─── DATA EXTRACT ───

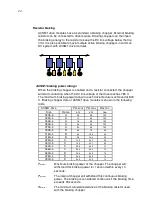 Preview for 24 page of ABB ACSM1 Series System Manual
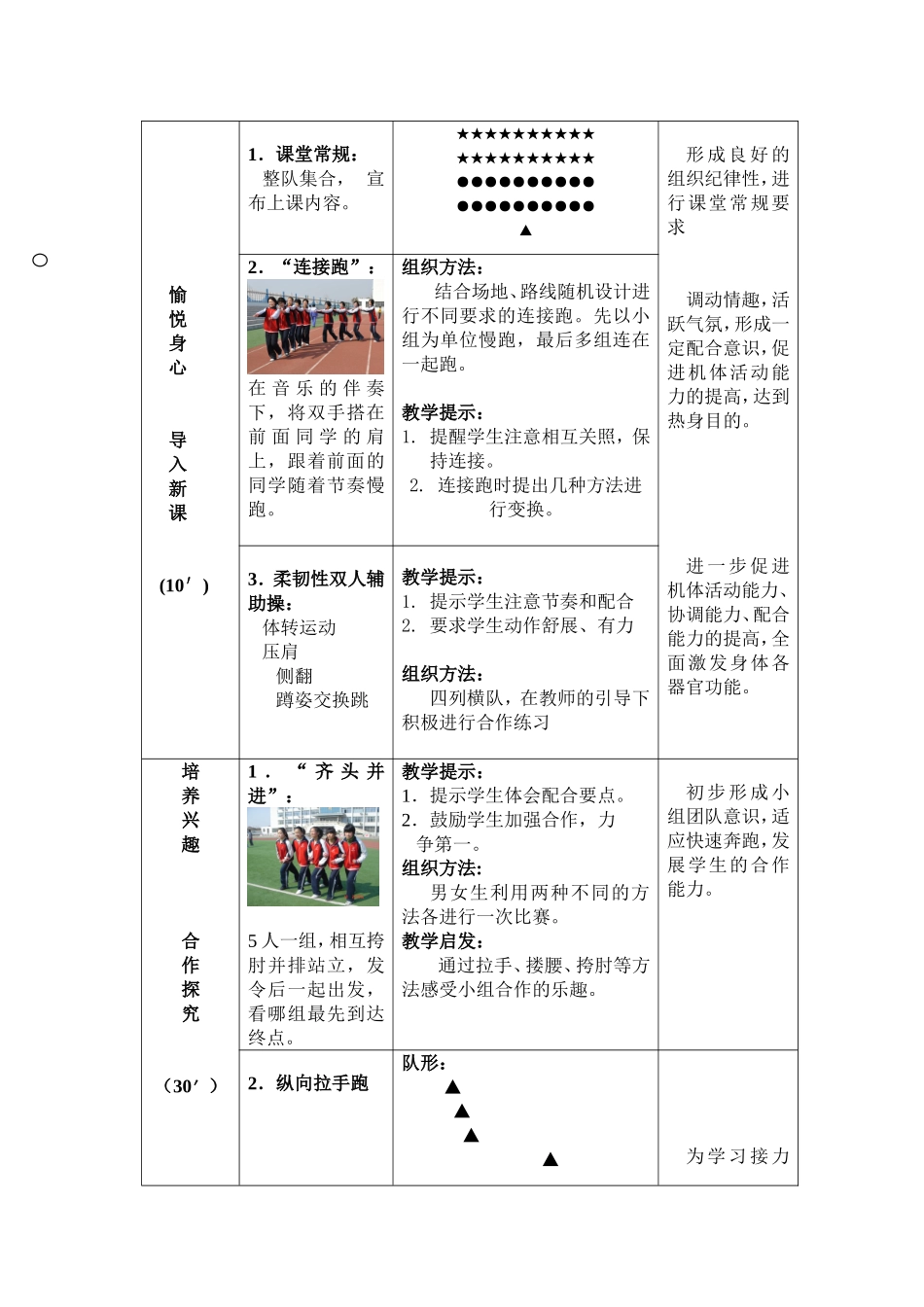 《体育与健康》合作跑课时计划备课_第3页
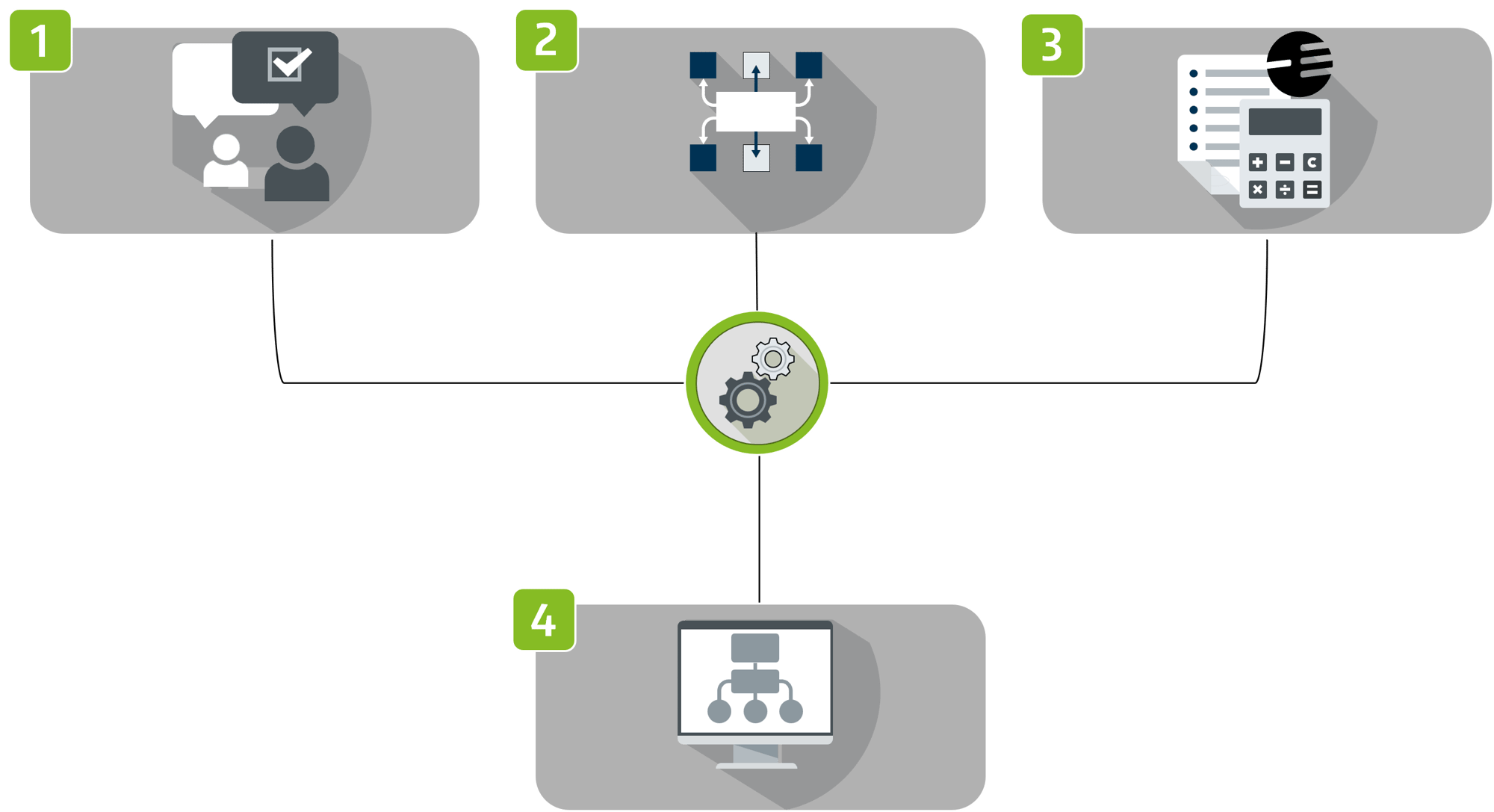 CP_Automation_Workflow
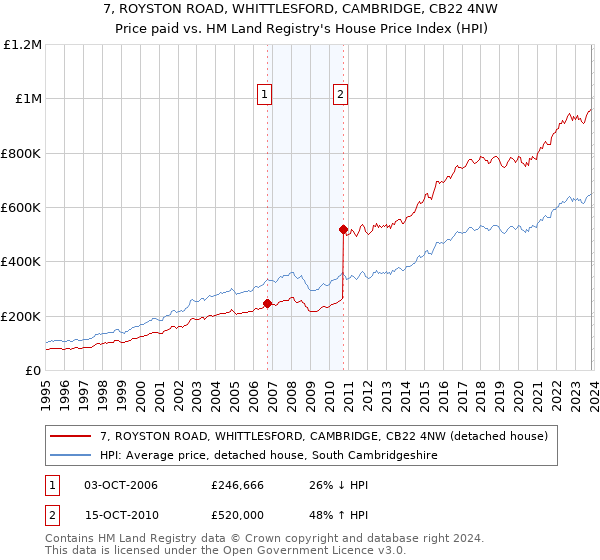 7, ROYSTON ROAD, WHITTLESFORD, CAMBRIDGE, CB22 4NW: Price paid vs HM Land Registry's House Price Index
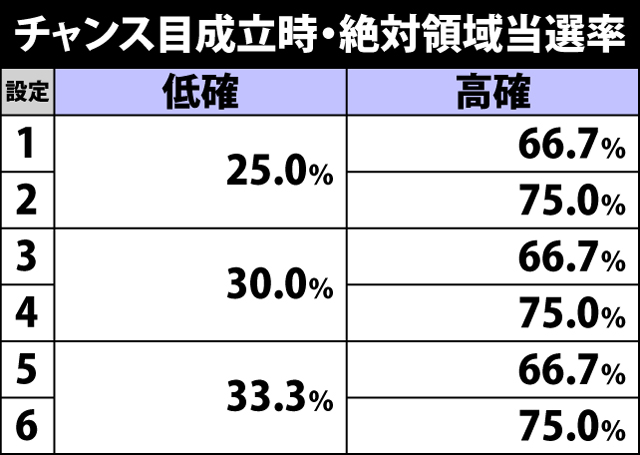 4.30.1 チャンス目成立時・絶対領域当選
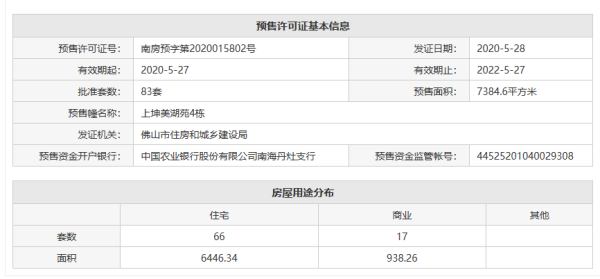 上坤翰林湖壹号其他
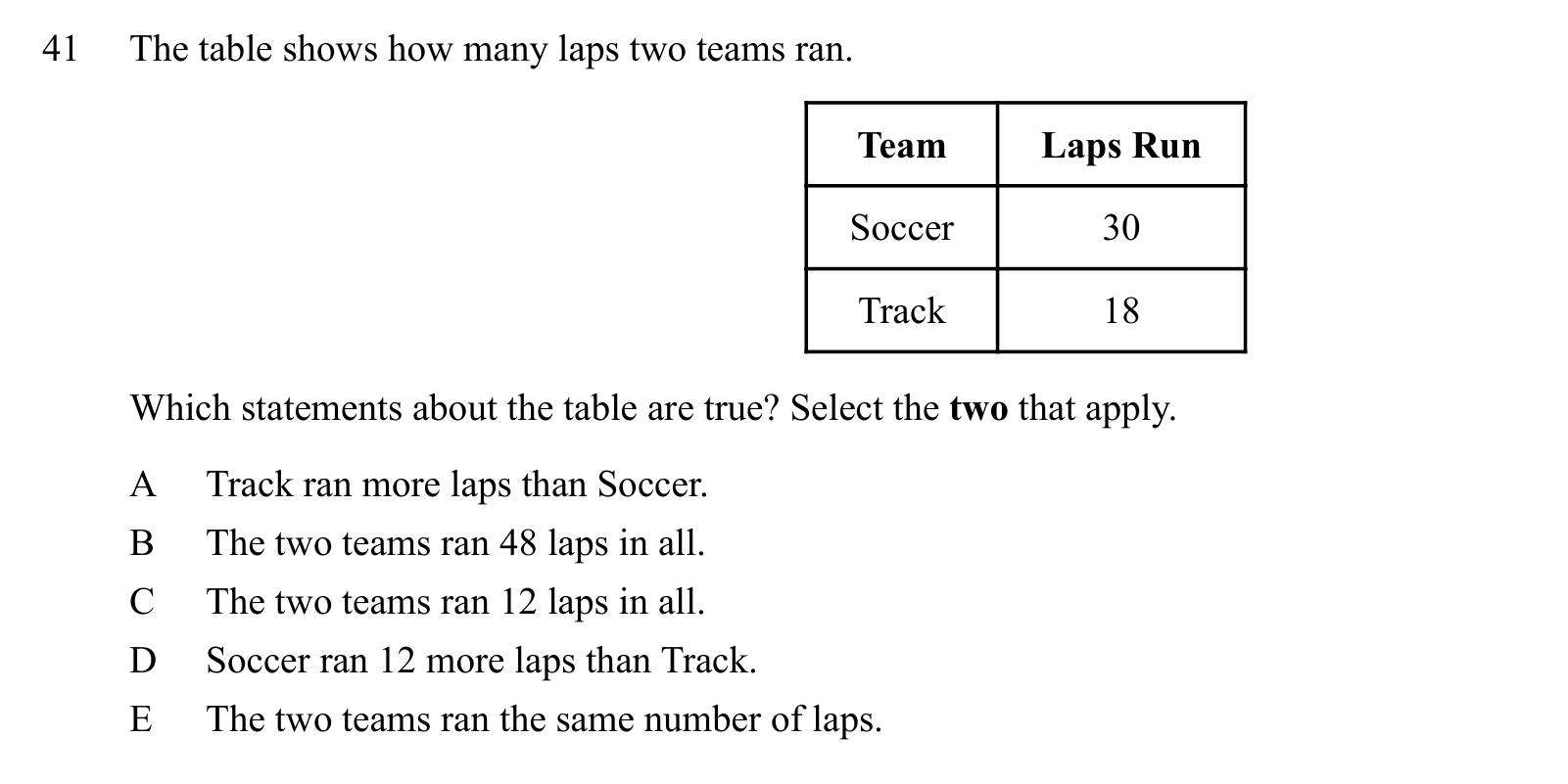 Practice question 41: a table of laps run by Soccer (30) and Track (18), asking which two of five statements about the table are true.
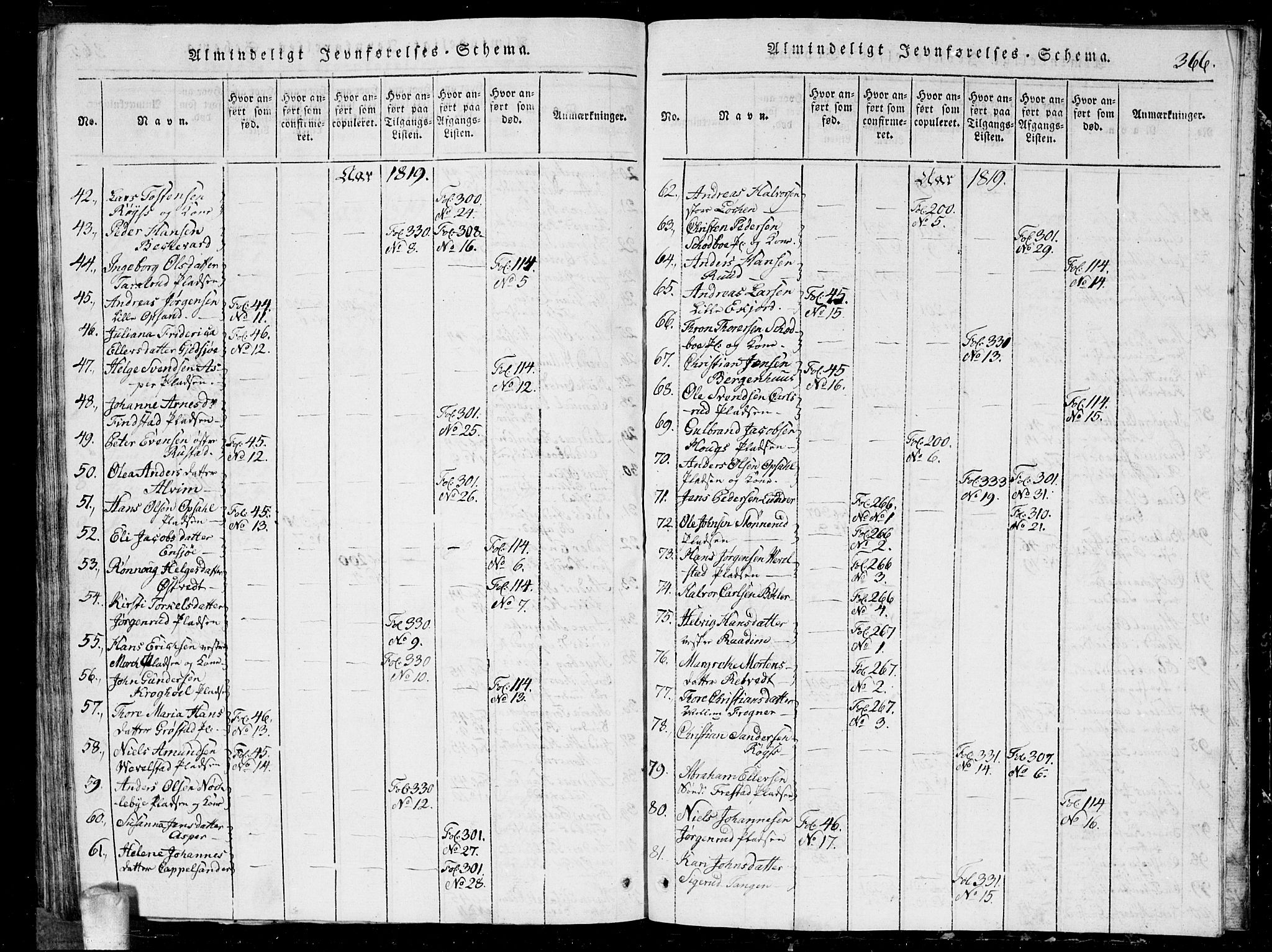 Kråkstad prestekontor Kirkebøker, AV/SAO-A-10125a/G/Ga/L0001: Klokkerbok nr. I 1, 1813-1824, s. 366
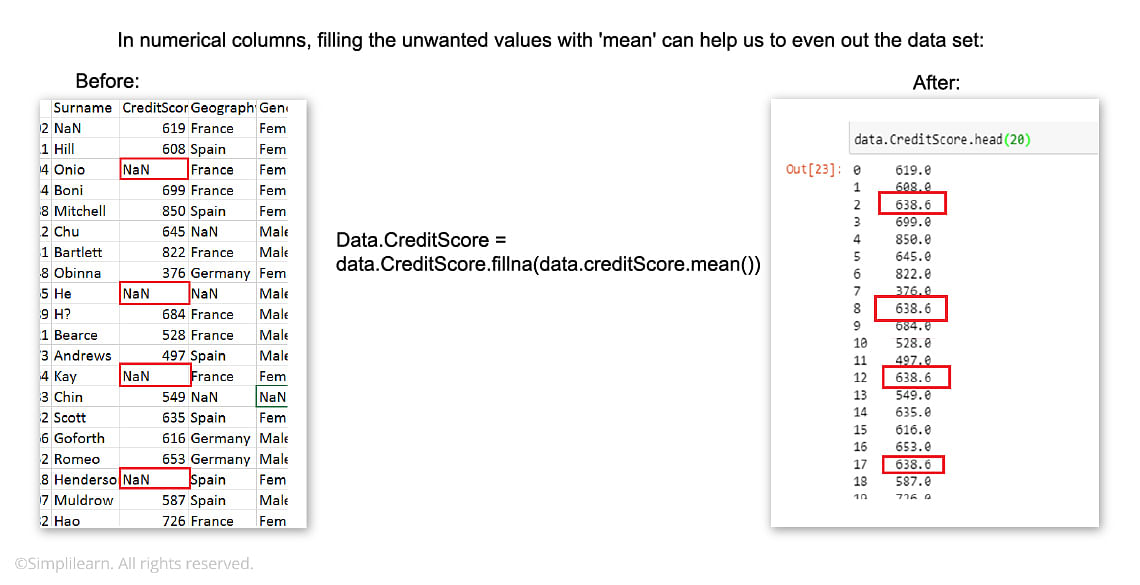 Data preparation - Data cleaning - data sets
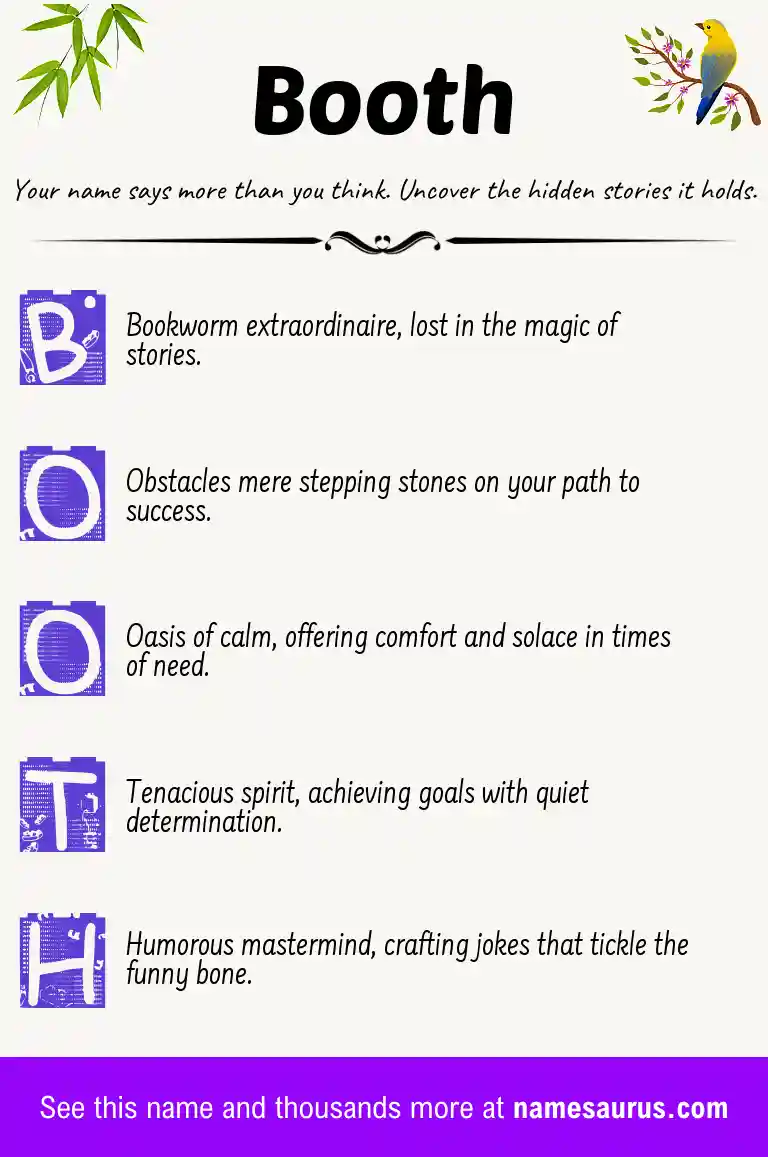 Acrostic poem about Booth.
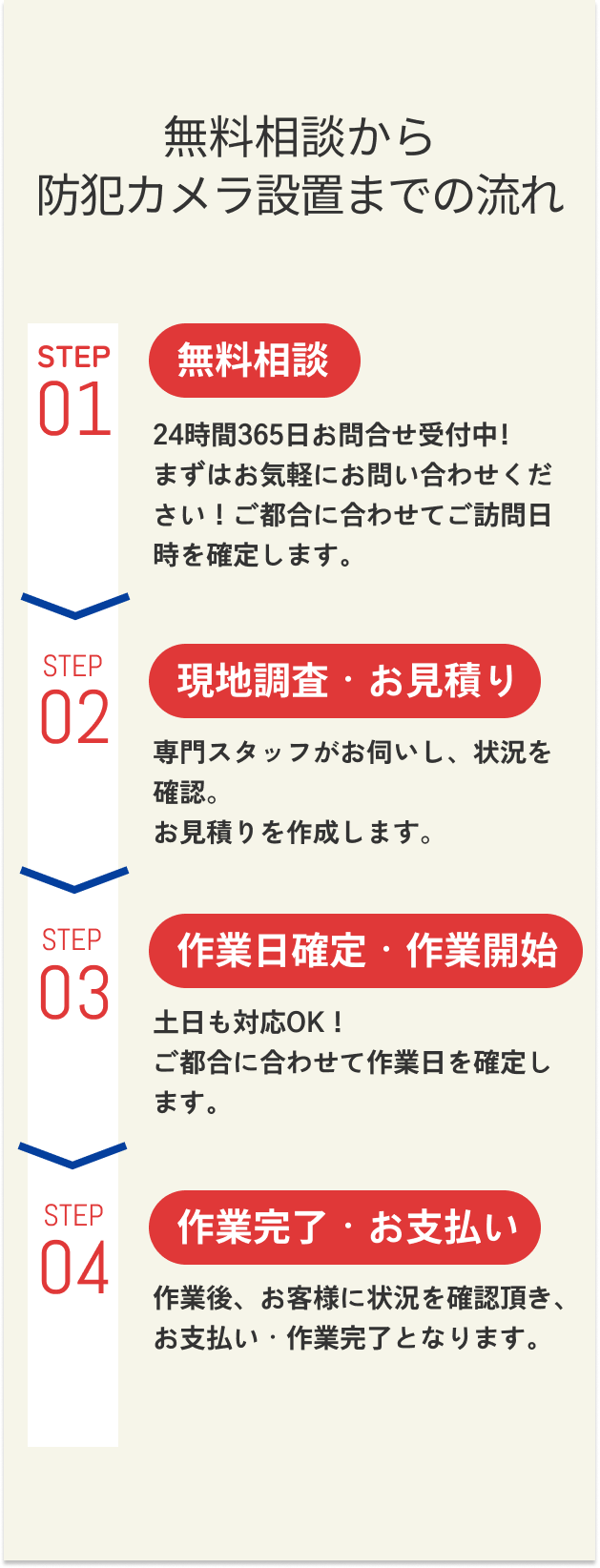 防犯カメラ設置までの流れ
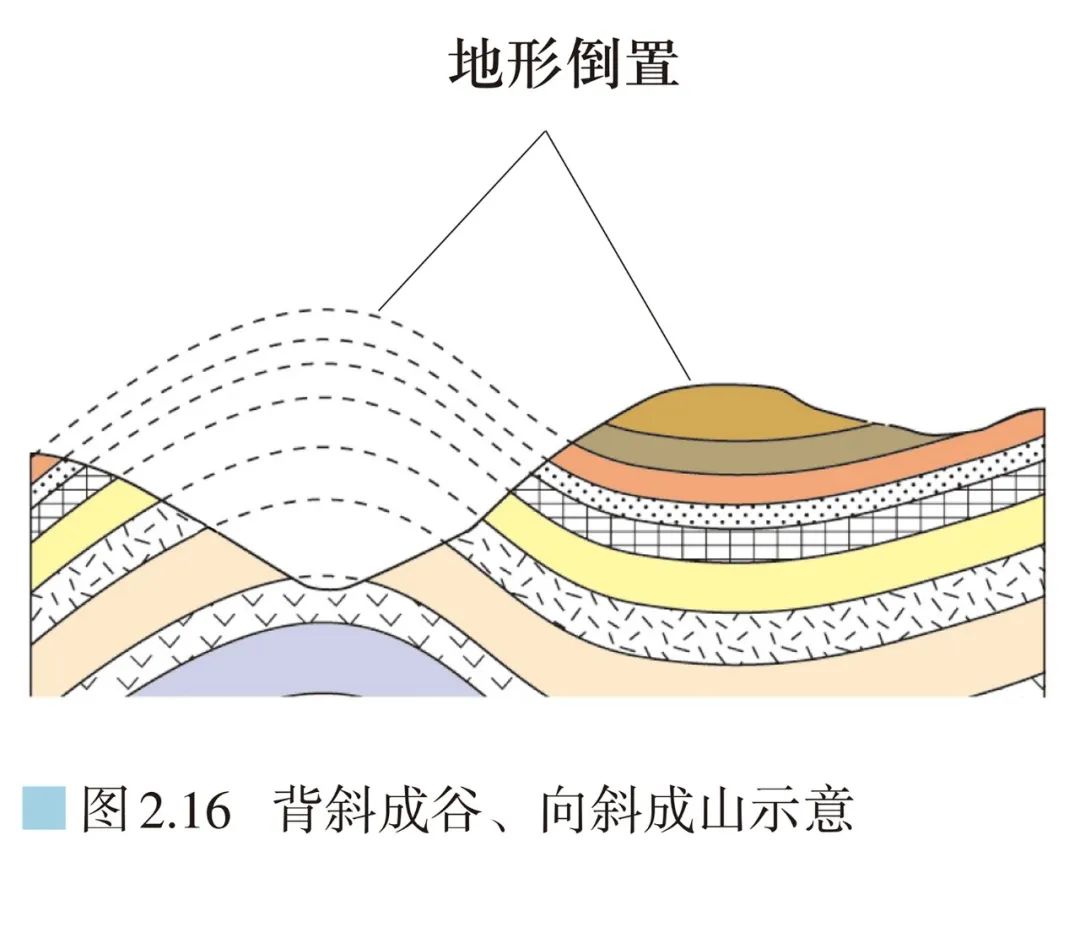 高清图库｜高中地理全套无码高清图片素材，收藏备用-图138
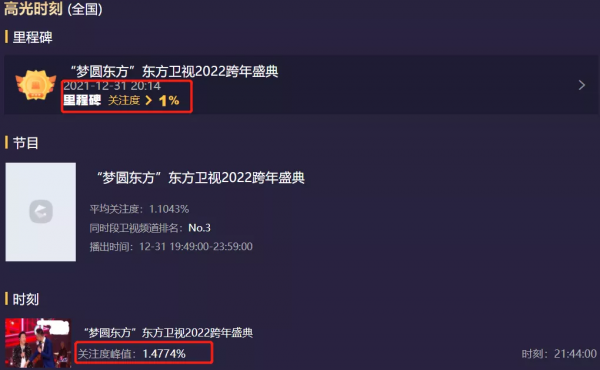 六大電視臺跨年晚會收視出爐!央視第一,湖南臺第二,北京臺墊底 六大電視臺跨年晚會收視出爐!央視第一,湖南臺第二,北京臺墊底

───

Could you transcribe the records above exactly, leaving out any pictures?

 Preview for 24 page of ABB ACSM1 Series System Manual
 《体育与健康》合作跑课时计划备课_第3页
 CP_Automation_Workflow
 7, ROYSTON ROAD, WHITTLESFORD, CAMBRIDGE, CB22 4NW: Price paid vs HM Land Registry's House Price Index
 4.30.1 チャンス目成立時・絶対領域当選
 上坤翰林湖壹号其他
 Practice question 41: a table of laps run by Soccer (30) and Track (18), asking which two of five statements about the table are true.
 Kråkstad prestekontor Kirkebøker, AV/SAO-A-10125a/G/Ga/L0001: Klokkerbok nr. I 1, 1813-1824, s. 366
 Data preparation - Data cleaning - data sets
 Acrostic poem about Booth.
 防犯カメラ設置までの流れ
 高清图库｜高中地理全套无码高清图片素材，收藏备用-图138
 六大電視臺跨年晚會收視出爐!央視第一,湖南臺第二,北京臺墊底 六大電視臺跨年晚會收視出爐!央視第一,湖南臺第二,北京臺墊底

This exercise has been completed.